60 Jahre lang - seit meiner frühen Jugend - hörte ich immer wieder den Spruch, dass jemand den "großen Zampano" spiele: ohne jemals zu wissen, woher dieses geflügelte Wort eigentlich stammt. Erst jetzt, nachdem ich endlich Fellinis Film "Das Lied der Straße" aus den 50er Jahren gesehen habe, weiß ich es: Anthony Quinn ist dieser "große Zampano", als ein reisender Schausteller in Fellinis Film.
Zampano ist ein grober Klotz - ein gefühllos brutaler Muskelmensch, der sich auf Jahrmärkten mit immer der gleichen Show das bißchen Geld für seine armselige Existenz zusammenschnorrt: er sprengt durch pure Muskelkraft eine um seine nackte Brust gelegte Eisenkette. Nach dem Tod seiner Frau braucht er eine neue Assistentin, die seine Show theatralisch mit Trommelwirbel ankündigt und hinterher mit dem Hut herumgeht. Er findet sie in der naiven, jungen Gelsomina: ein völlig ungebildetes, junges Mädchen aus ärmlichsten Verhältnissen, das Zampano ihrer alleinerziehenden Mutter für zehntausend Lire abgekauft hat und wie eine Sklavin hält.
Gelsomina (Giulietta Masina - die langjährige Ehefrau Fellinis - spielt die künsterisch äußerst anspruchsvolle Rolle sehr überzeugend) fügt sich notgedrungen in ihr tristes Schicksal. Erst als sie jegliches, persönliches Interesse Zampanos an ihr vermisst, versucht sie auszubrechen und lernt dabei den Hochseilartisten Matteo (Richard Basehart) kennen, der ihr erstmals ein wenig Aufmerksamkeit als Person und Frau schenkt und ihr beibringt, eine Melodie - die den ganzen Film als Motiv begleitet - auf einer Trompete zu spielen.

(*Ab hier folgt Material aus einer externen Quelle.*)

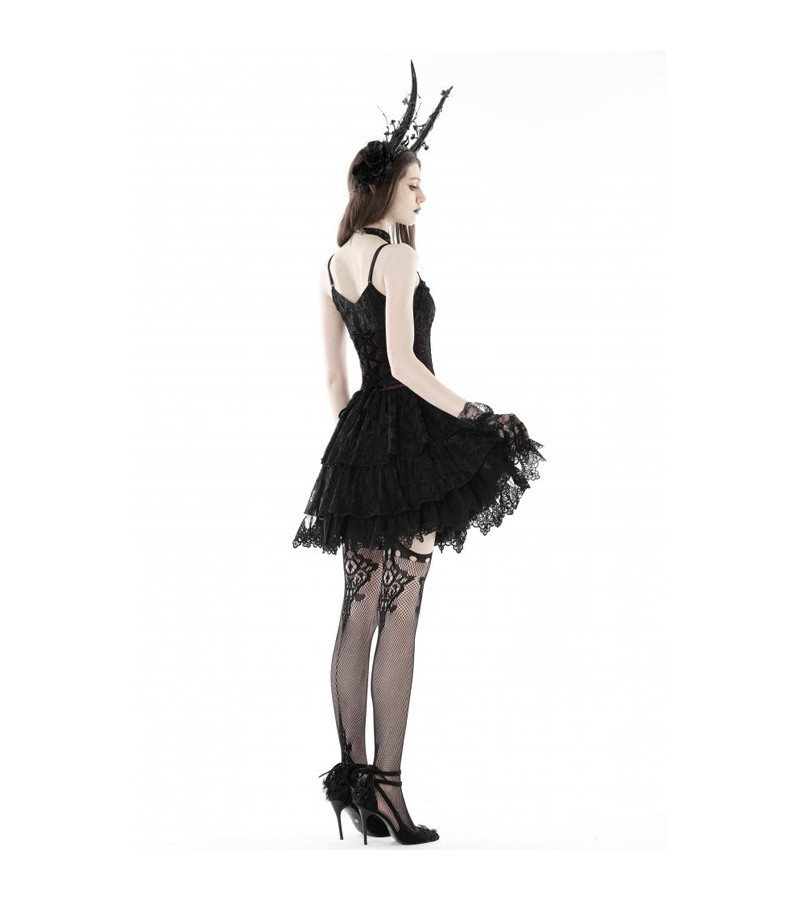 Robe Gothique Violette Et Noire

Matteo durchschaut die autoritäre Maske Zampanos und macht sich einen Spaß daraus, ihn immer wieder mit albernen Scherzen bloßzustellen und ihn bis aufs Blut zu reizen. Trotzdem rät er Gelsomina dazu, zu Zampano zurückzukehren: er hat erkannt, dass hinter Zampanos brutaler Maske eben doch ein weicher, verletzbarer Kern steckt, und dass dahinter wohl auch ein Stück nicht eingestandener, verzweifelter Liebe zu Gelsomina steht.
Gelsomina folgt Matteos Rat, der sich in der weiteren Folge als richtig erweist: freilich nicht im Sinne eines Happy Ends. Matteo kommt bei einer Auseinandersetzung mit Zampano zu Tode, und auch Gelsomina scheitert letztlich bei ihrem Versuch, dem Zampano irgendwann doch noch eine wirkliche Partnerin zu sein. Erst ganz zum Schluss des Films wird klar, dass auch Zampano nicht der von ihm markierte Erzbösewicht, sondern ein Opfer der Verhältnisse ist: seine gespielte, gefühllose Härte ist seine Art des Überlebens. Die Verhältnisse erlauben ihm nicht, das zu leben, nach was er sich eigentlich sehnt. Am Schmerz darüber zerbricht schließlich auch er.
Fellinis "Lied der Straße" ist eines der frühen Werke des Meisterregisseurs - und eines der besten. Es ist zudem auch ein Zeitdokument: der Film zeigt in einfachen, aber sehr intensiven, unter die Haut gehenden Bildern, was Armut aus Menschen macht.